Your answer should consist only of the lines below from the one with "Slide: The Image" through the one with "A wide river", copied exactly.
Exercise input: Begin
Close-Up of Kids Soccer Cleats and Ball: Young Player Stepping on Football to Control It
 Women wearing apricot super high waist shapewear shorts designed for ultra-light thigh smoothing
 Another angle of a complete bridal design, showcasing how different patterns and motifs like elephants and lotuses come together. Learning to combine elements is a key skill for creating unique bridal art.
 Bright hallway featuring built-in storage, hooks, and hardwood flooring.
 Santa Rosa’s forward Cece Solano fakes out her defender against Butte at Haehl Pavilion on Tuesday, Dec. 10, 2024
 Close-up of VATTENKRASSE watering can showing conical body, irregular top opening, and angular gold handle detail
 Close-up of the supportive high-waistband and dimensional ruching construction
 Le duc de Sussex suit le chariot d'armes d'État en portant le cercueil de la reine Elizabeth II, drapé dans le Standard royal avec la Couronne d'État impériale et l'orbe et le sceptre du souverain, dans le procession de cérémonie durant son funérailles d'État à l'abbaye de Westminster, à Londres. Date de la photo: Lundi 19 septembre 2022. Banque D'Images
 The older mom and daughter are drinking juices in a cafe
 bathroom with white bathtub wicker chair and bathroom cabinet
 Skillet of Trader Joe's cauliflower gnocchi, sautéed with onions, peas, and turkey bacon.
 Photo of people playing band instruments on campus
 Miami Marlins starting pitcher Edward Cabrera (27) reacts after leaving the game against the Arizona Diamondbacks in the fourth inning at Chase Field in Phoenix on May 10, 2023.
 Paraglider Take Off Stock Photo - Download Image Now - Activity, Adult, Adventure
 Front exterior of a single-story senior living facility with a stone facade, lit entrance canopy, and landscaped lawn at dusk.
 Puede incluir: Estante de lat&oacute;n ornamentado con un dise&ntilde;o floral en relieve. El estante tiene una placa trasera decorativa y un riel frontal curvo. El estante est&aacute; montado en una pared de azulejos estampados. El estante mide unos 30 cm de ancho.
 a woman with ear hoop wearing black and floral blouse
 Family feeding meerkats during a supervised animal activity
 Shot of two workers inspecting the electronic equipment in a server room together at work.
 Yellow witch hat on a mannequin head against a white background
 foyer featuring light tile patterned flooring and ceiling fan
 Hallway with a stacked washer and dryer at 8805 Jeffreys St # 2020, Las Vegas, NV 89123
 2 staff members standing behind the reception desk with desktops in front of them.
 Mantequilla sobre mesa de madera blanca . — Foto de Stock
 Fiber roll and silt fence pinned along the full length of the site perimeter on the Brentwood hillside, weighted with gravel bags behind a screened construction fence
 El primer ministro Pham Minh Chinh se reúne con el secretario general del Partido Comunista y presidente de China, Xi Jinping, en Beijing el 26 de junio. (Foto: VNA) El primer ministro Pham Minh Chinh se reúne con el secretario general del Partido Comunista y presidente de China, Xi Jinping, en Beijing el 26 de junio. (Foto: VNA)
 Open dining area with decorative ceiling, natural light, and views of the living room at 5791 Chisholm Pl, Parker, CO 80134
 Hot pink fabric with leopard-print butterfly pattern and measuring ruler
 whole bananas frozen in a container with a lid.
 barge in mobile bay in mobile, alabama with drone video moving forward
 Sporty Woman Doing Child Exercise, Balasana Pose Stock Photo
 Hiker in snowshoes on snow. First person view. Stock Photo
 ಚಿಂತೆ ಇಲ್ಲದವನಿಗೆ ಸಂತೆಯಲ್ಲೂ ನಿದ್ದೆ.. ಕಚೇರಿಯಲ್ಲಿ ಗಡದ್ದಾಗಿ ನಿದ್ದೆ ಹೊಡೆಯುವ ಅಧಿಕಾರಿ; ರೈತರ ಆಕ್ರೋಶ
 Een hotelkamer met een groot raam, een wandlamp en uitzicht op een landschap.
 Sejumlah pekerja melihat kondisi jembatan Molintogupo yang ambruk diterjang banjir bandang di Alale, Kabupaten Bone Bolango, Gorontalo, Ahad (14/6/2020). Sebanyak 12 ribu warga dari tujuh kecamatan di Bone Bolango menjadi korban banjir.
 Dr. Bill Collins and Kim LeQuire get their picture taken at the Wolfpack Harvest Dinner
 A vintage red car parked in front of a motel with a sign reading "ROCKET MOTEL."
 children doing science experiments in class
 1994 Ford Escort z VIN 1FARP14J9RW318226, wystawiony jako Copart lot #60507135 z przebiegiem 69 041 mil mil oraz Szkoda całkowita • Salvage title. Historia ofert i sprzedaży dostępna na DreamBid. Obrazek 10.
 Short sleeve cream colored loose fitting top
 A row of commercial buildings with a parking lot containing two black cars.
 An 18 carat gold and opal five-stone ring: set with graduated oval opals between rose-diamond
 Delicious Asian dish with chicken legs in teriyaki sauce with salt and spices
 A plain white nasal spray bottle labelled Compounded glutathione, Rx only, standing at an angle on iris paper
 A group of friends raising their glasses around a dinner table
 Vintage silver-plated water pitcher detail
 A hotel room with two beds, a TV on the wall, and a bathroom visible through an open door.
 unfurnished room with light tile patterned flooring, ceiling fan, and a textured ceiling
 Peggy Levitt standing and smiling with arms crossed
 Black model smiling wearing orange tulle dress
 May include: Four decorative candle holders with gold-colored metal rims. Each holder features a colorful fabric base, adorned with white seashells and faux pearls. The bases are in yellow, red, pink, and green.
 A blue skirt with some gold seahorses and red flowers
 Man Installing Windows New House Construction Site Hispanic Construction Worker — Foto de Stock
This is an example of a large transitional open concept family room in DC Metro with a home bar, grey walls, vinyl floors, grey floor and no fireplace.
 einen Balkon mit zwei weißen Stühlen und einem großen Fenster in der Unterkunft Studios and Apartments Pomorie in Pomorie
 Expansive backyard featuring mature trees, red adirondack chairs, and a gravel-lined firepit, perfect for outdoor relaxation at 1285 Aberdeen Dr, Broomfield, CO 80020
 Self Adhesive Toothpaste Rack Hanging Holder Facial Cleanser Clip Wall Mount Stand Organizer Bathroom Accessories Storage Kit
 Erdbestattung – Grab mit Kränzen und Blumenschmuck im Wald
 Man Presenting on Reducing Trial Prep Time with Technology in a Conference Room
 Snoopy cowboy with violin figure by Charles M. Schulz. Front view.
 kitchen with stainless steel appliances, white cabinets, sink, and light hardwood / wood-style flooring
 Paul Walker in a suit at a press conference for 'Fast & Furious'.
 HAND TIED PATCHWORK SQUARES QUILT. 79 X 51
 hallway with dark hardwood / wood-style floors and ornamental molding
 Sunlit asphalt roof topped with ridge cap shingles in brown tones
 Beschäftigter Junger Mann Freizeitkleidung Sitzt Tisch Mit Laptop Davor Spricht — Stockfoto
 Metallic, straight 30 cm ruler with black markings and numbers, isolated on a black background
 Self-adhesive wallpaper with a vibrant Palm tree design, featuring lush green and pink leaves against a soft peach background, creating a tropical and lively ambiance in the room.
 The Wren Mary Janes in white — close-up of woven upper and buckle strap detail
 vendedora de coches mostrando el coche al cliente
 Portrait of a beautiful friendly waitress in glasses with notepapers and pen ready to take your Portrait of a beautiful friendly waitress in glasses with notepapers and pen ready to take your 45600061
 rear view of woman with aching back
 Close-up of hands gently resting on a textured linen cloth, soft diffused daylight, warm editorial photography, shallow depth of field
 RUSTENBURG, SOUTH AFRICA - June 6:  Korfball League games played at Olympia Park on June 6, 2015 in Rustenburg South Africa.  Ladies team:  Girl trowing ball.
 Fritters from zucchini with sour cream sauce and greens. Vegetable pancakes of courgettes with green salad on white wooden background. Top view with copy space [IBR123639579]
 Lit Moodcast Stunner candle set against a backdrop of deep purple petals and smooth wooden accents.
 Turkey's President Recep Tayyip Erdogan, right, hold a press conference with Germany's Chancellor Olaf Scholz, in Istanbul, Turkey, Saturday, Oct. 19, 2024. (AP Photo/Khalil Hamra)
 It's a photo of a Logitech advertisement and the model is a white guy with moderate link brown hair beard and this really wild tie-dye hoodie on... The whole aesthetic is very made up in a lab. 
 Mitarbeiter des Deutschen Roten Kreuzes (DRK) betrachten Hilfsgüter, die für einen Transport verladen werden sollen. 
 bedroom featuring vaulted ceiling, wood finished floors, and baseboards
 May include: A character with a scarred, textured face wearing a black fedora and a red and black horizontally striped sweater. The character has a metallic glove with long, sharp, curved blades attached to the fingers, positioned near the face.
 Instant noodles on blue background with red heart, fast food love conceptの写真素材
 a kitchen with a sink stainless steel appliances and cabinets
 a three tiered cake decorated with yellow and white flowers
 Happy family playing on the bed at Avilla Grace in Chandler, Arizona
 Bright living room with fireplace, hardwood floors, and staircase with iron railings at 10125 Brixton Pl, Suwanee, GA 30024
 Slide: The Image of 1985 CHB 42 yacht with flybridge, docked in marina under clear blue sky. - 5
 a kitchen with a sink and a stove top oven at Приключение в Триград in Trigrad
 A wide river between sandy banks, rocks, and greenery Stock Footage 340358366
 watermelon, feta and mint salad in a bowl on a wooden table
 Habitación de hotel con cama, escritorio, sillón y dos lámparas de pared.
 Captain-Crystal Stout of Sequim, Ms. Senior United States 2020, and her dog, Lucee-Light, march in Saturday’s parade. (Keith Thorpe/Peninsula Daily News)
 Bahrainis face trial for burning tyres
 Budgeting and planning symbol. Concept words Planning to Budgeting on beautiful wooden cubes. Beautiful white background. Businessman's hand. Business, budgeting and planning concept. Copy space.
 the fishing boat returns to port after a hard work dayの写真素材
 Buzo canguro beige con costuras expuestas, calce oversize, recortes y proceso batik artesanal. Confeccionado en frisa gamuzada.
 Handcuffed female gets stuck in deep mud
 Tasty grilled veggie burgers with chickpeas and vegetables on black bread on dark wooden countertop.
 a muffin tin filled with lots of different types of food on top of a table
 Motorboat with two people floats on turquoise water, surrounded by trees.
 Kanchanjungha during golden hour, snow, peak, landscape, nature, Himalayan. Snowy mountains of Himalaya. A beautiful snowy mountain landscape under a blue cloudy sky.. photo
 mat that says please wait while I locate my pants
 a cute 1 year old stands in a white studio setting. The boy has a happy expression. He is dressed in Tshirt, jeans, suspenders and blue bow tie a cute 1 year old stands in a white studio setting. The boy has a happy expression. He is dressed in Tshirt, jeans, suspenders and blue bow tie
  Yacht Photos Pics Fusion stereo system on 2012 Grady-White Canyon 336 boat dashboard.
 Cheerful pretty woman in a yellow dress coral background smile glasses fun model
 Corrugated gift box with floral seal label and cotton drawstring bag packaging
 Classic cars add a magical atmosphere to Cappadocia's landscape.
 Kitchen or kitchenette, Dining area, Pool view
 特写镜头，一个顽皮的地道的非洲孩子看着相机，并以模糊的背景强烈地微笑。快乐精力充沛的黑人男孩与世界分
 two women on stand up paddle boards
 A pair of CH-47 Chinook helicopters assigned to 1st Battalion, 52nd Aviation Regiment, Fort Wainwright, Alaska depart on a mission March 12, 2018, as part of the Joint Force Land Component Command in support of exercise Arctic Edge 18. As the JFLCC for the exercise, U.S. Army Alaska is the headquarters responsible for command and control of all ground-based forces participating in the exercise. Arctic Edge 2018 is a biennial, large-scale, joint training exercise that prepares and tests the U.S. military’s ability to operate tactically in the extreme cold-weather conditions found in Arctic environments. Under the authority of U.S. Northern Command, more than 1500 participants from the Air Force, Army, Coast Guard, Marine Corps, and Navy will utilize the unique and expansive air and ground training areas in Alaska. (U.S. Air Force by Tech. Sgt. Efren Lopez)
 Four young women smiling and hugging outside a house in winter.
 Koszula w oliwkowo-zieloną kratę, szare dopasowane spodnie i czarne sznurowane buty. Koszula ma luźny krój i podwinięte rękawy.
Exercise input: End
Output of the exercise =>
 Slide: The Image of 1985 CHB 42 yacht with flybridge, docked in marina under clear blue sky. - 5
 a kitchen with a sink and a stove top oven at Приключение в Триград in Trigrad
 A wide river between sandy banks, rocks, and greenery Stock Footage 340358366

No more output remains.